Information given ▸
----

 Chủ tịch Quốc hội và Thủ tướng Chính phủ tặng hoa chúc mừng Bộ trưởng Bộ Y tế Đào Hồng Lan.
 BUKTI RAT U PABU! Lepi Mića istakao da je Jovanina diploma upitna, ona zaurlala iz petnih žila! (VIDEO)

----

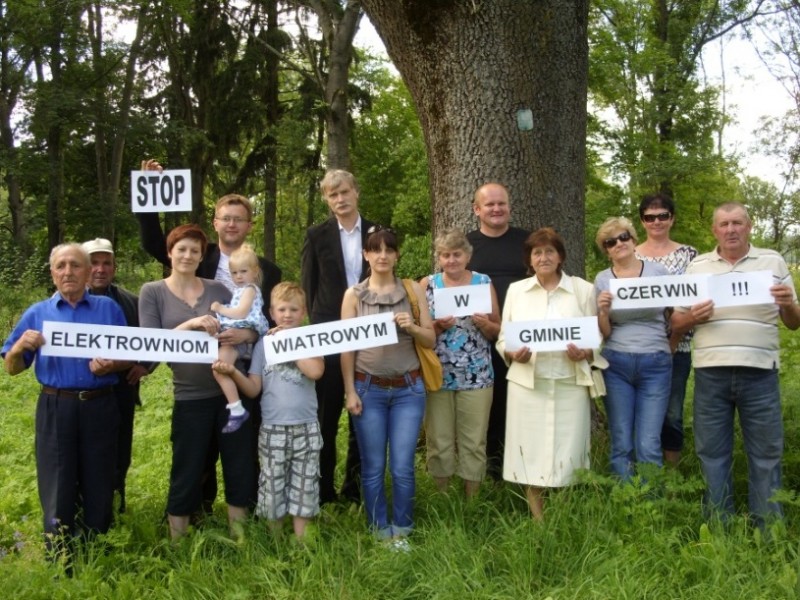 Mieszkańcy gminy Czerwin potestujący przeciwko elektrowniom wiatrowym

----

Write out, from the lines above, only those from the line with "Chủ tịch Quốc" to the line with "BUKTI RAT U", exactly as given, including the first and the last.

 Chủ tịch Quốc hội và Thủ tướng Chính phủ tặng hoa chúc mừng Bộ trưởng Bộ Y tế Đào Hồng Lan.
 BUKTI RAT U PABU! Lepi Mića istakao da je Jovanina diploma upitna, ona zaurlala iz petnih žila! (VIDEO)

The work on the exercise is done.